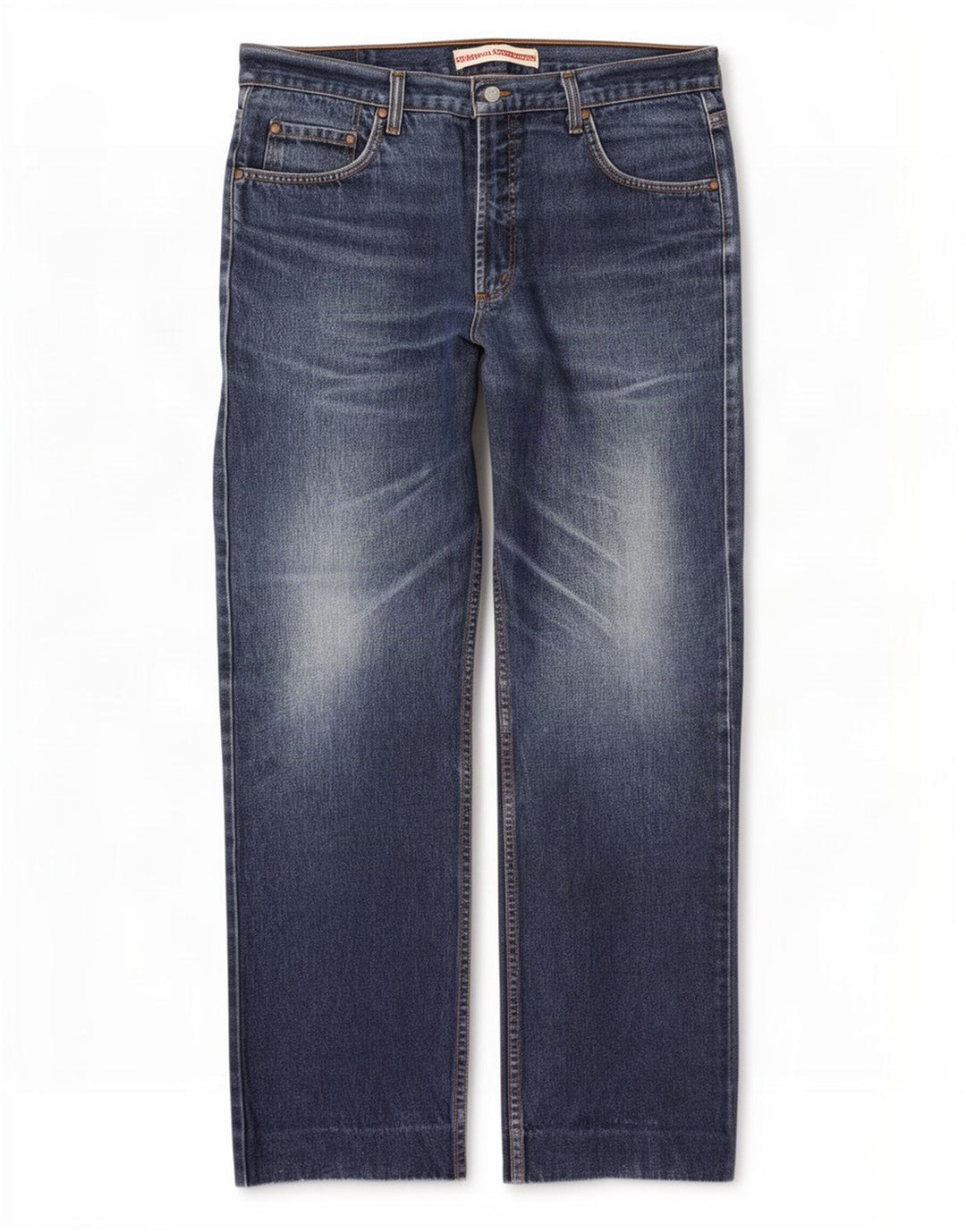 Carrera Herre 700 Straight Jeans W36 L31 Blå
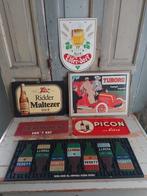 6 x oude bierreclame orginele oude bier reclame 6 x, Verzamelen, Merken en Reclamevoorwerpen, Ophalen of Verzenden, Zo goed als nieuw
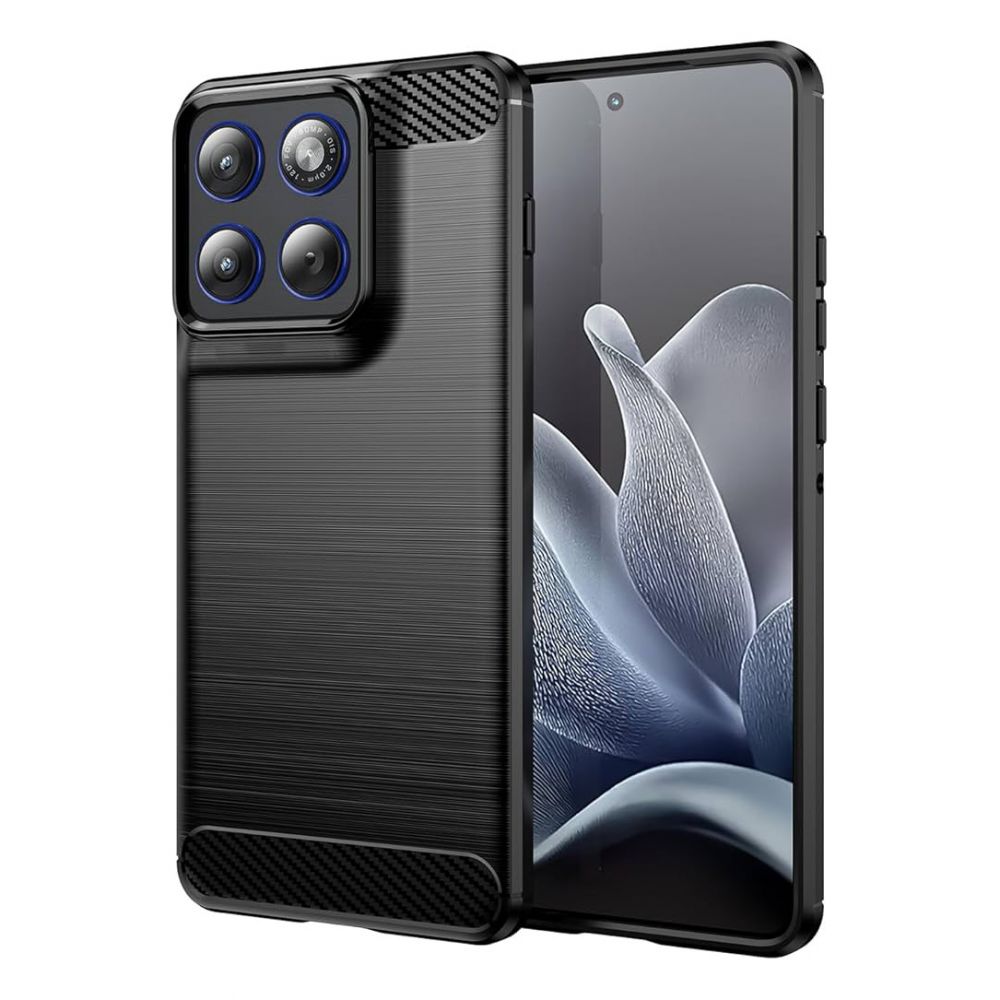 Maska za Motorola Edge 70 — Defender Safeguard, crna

TO DO: Output each line exactly as shown above; no pictures go in the copy.

SOLUTION:
 Carrera Herre 700 Straight Jeans W36 L31 Blå
 6 x oude bierreclame orginele oude bier reclame 6 x, Verzamelen, Merken en Reclamevoorwerpen, Ophalen of Verzenden, Zo goed als nieuw
 Maska za Motorola Edge 70 — Defender Safeguard, crna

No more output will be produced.